**DATASET ENTRIES**:

• • • • • • •

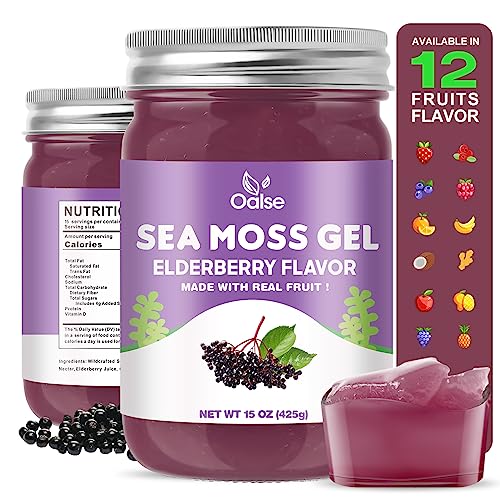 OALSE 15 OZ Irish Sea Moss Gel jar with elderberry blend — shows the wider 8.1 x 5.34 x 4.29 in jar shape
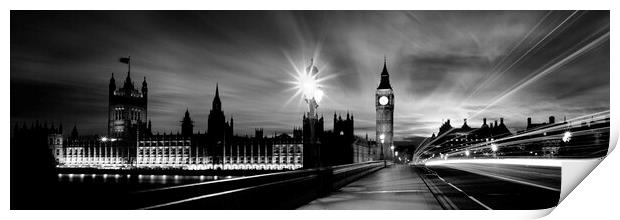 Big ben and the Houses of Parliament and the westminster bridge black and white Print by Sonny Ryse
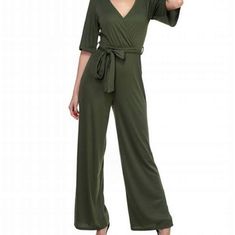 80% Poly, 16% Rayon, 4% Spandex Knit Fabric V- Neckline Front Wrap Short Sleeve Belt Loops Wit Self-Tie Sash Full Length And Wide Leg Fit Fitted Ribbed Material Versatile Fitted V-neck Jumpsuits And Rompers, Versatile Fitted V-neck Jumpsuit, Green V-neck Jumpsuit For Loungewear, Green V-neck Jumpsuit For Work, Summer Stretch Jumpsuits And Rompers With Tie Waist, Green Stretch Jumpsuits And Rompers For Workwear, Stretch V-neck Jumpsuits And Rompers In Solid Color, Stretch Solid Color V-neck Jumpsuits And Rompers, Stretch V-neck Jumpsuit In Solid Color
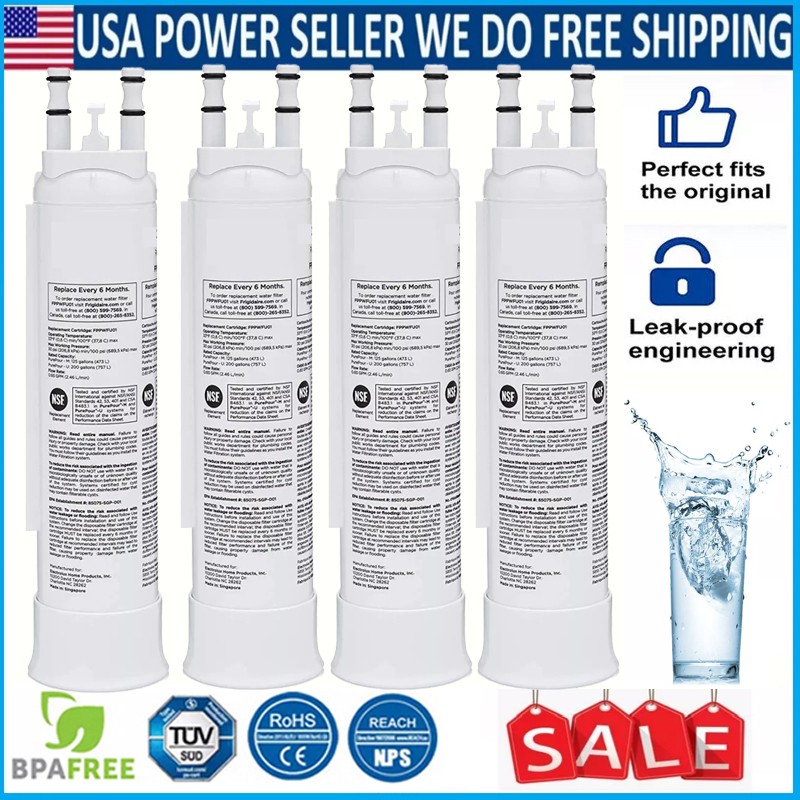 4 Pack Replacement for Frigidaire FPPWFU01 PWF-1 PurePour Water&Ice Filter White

• • • • • • •

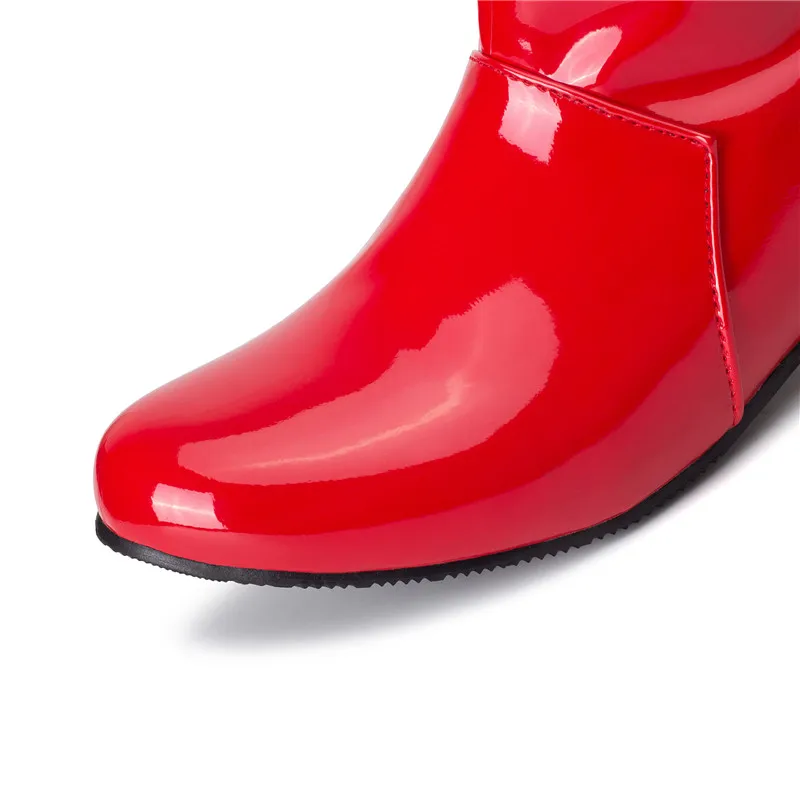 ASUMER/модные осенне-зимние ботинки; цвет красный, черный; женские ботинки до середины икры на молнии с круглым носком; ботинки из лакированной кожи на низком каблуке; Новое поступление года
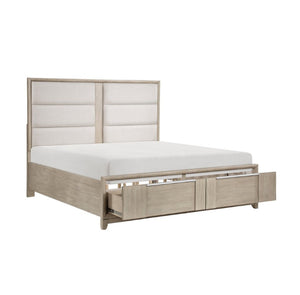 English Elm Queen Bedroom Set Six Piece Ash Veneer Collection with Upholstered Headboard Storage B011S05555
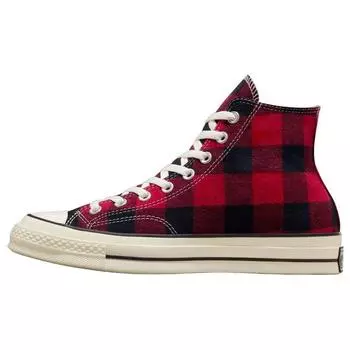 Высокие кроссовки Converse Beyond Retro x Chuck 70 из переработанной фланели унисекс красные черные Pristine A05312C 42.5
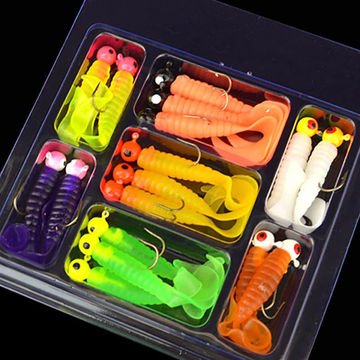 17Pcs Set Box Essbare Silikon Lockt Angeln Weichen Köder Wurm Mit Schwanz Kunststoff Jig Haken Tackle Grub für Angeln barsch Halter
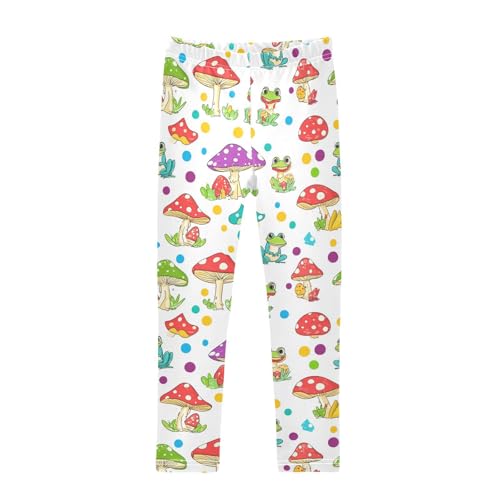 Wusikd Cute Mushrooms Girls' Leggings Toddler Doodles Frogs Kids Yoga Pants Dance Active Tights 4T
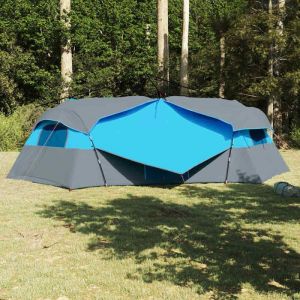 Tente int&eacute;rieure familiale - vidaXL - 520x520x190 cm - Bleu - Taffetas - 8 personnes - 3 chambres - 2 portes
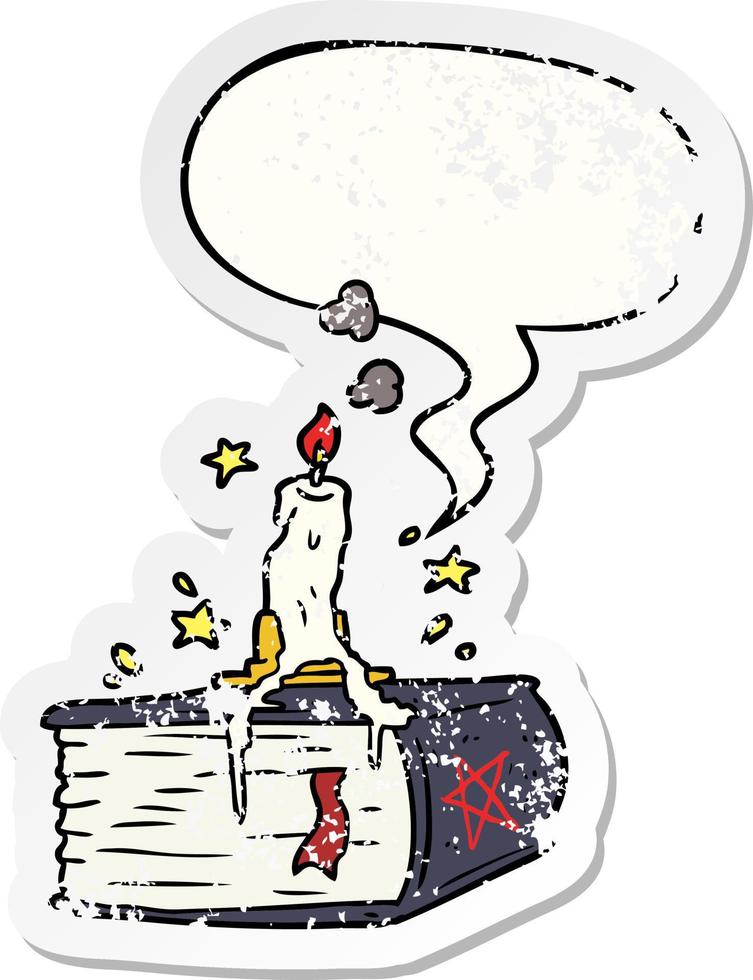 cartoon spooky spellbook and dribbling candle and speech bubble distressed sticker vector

• • • • • • •

**WHAT THE TASK REQUIRES**:
Using the listing above, reproduce word for word every line from the one containing "Tente int&eacute;rieure familiale" through the one containing "cartoon spooky spellbook". Pictures must be left out.

**PROBLEM SOLUTION**:
 Tente int&eacute;rieure familiale - vidaXL - 520x520x190 cm - Bleu - Taffetas - 8 personnes - 3 chambres - 2 portes
 cartoon spooky spellbook and dribbling candle and speech bubble distressed sticker vector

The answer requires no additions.